SUMMARY OF THE INVENTION
[0014] Numerous other advantages and features of the present
invention will become readily apparent to those skilled in the art
from the following detailed description of the preferred embodiment
of the invention, the drawings, and the appended claims.
BRIEF DESCRIPTION OF THE DRAWINGS
[0015] FIG. 1 shows a viewing endoscope embodying the present
invention;
[0016] FIG. 2 is an exploded perspective view of the viewing
endoscope of FIG. 1;
[0017] FIG. 3 is a front perspective view of the viewing endoscope
of FIG. 1;
[0018] FIG. 4 is a longitudinal cross-sectional view of the hub of
the viewing endoscope; and
[0019] FIG. 5 is a rear view of the hub of the viewing endoscope of
FIG. 4.
DETAILED DESCRIPTION OF THE PREFERRED EMBODIMENTS
[0020] While this invention can be embodied in many different
forms, there are shown in the drawings and described in detail,
preferred embodiments of the invention. The present disclosure is
an exemplification of the principals of the invention and is not
intended to limit the invention to the embodiments illustrated.
[0021] Referring to FIGS. 1, 2, and 3 of the drawings, there is
shown a viewing endoscope 10 including an eyepiece 12, a handle 14
including a conventional light source 16 comprising a battery or
batteries and a bulb, and a viewing assembly 18 operatively
connected to a hub 19. The viewing endoscope 10 is associated with
a generally conventional endotracheal tube 20 having at least one
flange 22 on the adapter stop 44 on the end thereof proximate the
hub 19.
[0022] The viewing endoscope 10 facilitates the viewing by a
medical practitioner of the interior of a patient's trachea during
an endotracheal intubation procedure. A viewing of the interior or
the patient's trachea during an intubation procedure allows the
medical practitioner to properly locate a distal end of the
endotracheal tube therein.
[0023] The hub 19 has a proximal end 24 and a distal end 26 and a
mesial or middle portion 28. In a preferred embodiment of the
invention, the hub 19 is made of corrosion-resistant metal, such a
aluminum, stainless steel, or an inert plastic. Because of the
material composition of the hub 19, it is receptive to
sterilization procedures that may include elevated temperature
levels.
[0024] A coupler 30 is located on the proximal end 24 of the hub 19
and is constructed and arranged to receive the eyepiece 12. A
connector 32 is located on the mesial or middle portion of the hub
19 and is provided with hook portions 35 that define a slot 33 in
the connector 32. The connector 32 is constructed and arranged to
cooperate with a conventional hook-on fitting on the handle 14 so
as to secure the hub 19 to the handle 14. Preferably, the hub 19,
coupler 30 and connector 32 are integrally formed.
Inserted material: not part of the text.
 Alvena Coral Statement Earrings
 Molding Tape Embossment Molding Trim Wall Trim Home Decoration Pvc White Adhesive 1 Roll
[0025] Stylus 34 is secured at one end within receiver 40 defined
by a bore in the distal end 26 of the hub 19 in a suitable manner,
for example, by a threaded connection or by compression fit. The
stylus 34 is a flexible elongated member made from a suitable
material, for example, inert rubber or a polymeric material. The
stylus 34 is flexible so that it can be bent in various directions
without retaining a memory. Such flexibility is desirable during
intubation procedures to enable the practitioner to insert the
stylus 34 through the mouth of the patient and into the
trachea.
[0026] The connection of the eyepiece 12 to the hub 19 is
facilitated by the coupler 30 (best shown in FIGS. 2, 4, and 5),
which comprises a threaded receiver cooperating with complementary
threads on the end of the eyepiece 12. The complementary threads
for engaging the eyepiece 12 to the coupler 30 on the hub 19 may be
internal in the coupler 30 and external on the eyepiece, or vice
versa. It will be apparent to persons skilled in the art that other
forms of engagement components can be employed to secure the
eyepiece 12 to the hub 19, for example, a compression fit or
bayonet connection.
[0027] A port 41 (best shown in FIG. 2) is provided in the hub 19
to provide fluid communication from the outer surface of the hub 19
to the receiver 40. The port 41 receives a fitting 42, which is
adapted to be connected to a gas source (not shown). The bore,
which is in fluid communication with the port 41, of the receiver
40 circumscribes the stylus 34 and is constructed and arranged to
accept insertion of the adapter stop 44 on the endotracheal tube 20
therein.
[0028] The endotracheal tube 20 includes a portion of substantially
uniform cross section and has the adapter stop 44 at one end which
is constructed and arranged to fit within the receiver 40 of the
hub 19. Basically in use, the endotracheal tube 20 and the adapter
stop 44 secured on the end thereof are slipped over the stylus 34
until the end of the stop 44 is received in the receiver 40. The
engaged position of the adapter stop 44 in the hub 19 is a
predetermined distance 50 (FIG. 1) from the longitudinal axis 52 of
the handle to facilitate tactile contact by the user with the
flange or flanges 22 on the adapter stop 44 for disengaging the
endotracheal tube 20 from the stylus 34 when desired during an
intubation procedure. The practitioner can utilize a finger on the
hand engaging the handle 14 to exert an outward force on the flange
or flanges 22 without removing his/her hand from the handle 14.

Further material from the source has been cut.